I make these soft cheese garlic rolls whenever I crave something warm, fluffy, and packed with flavor. Each roll is filled with roasted garlic butter and gooey melted mozzarella, then baked until golden and brushed with even more buttery goodness. I love serving them as a comforting side dish or enjoying one as a satisfying snack straight from the oven.
Ingredients
(Tip: You’ll find the full list of ingredients and measurements in the recipe card below.)
1 cup warm milk
2 ¼ teaspoons active dry yeast
1 tablespoon honey
3 cups bread flour
1 cup all-purpose flour
¼ cup granulated sugar
1 teaspoon salt
2 egg yolks
¼ cup unsalted butter, softened
1 whole head garlic
2 tablespoons olive oil
½ cup unsalted butter, melted
1 ½ cups shredded mozzarella cheese
2 tablespoons chopped fresh parsley
Directions
I start by preheating the oven to 400°F (200°C). I slice the top off the head of garlic, drizzle it with olive oil, wrap it in foil, and roast it for 30–35 minutes until soft and golden. After it cools, I squeeze out the cloves and mash them into a smooth paste.

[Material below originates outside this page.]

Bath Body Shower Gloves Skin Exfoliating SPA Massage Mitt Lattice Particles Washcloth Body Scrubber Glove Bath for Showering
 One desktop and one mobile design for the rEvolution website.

In a large bowl, I combine the warm milk, yeast, and honey. I let it sit for 5–10 minutes until it becomes frothy.
Next, I add the bread flour, all-purpose flour, sugar, salt, egg yolks, and softened butter. I mix everything until a dough forms, then knead for 8–10 minutes until smooth and elastic.
I place the dough in a greased bowl, cover it, and let it rise in a warm spot for 1 to 1½ hours, until it doubles in size.
In a small bowl, I mix the roasted garlic paste with melted butter and chopped parsley.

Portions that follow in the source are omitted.